Gründerzeiterhaltung gescheitert
Sanierte Altbauten gelten in Wien als die beliebteste und am stärksten nachgefragte Wohnform. Die Experten betrachten den Vorstoß der Stadtregierung über die Bauordnung aber als einen herben Rückschlag in diesem Bereich. „Wir wissen, dass Sanierungen teurer sind als Neubauten, wir wissen, dass die Erhaltung von Gründerzeitgebäuden viel Geld kostet und wir wissen, dass sanierte Altbauten im Mietrecht immer noch Neubauten gegenüber benachteiligt sind.

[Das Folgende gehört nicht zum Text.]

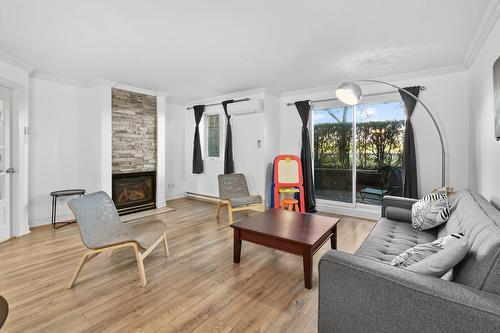 Salon - 101-6535 Boul. Chevrier, Brossard, QC - Indoor Photo Showing Living Room With Fireplace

Die Sanierungsrate ist in den letzten Jahren um 60 Prozent gesunken, private Hauseigentümer, in der Regel Einzelpersonen, schaffen den Weg der Erhaltung und Sanierung einfach nicht. Und für Unternehmen ist ein Neubau aufgrund der schlechten rechtlichen Rahmenbedingungen in Wien schlicht sinnvoller, weil der einzig wirtschaftlich sinnvolle Weg, Eigentümer von Gründerzeitgebäuden über die Bauordnung zu zwingen, das Gebäude stehen zu lassen, hilft hier keinem und schafft keinen zeitgemäßen Wohnraum,“ führt Ulreich aus.
Neubau zu attraktiv, kein Anreiz für Nachverdichtung
Hart getroffen wurde 2018 der Mietwohnungsmarkt in Wien vom OGH Urteil im Jänner 2018 und der Neuinterpretation der Lagezuschläge. Dazu Michael Pisecky: „Die Probleme, die aus der Rechtsunsicherheit entstehen, werden stark auf dem Rücken der Immobilientreuhänder ausgetragen.“ Verstärkt würde das Problem durch die Lagezuschlagskarte der Stadt Wien - MA 25. Hans Jörg Ulreich: „Die Karte mag für Mieter auf den ersten Blick gut wirken, verhindert jedoch einmal mehr Sanierungen von Gründerzeitgebäuden und macht Neubauten wirtschaftlich noch attraktiver.“
Ulreich kritisiert weiter, dass bei der Schaffung von Anreizen im Wohnbau in der neuen Bauordnung ausschließlich der geförderte Wohnbau bedacht wurde. „Unsere langjährige Forderung pro Nachverdichtung im innerstädtischen Bereich, auch im Gemeindebau, muss in Wien endlich aktiv umgesetzt werden! Es gibt genügend Raum nach oben, der dringend benötigt wird,“ so Ulreich.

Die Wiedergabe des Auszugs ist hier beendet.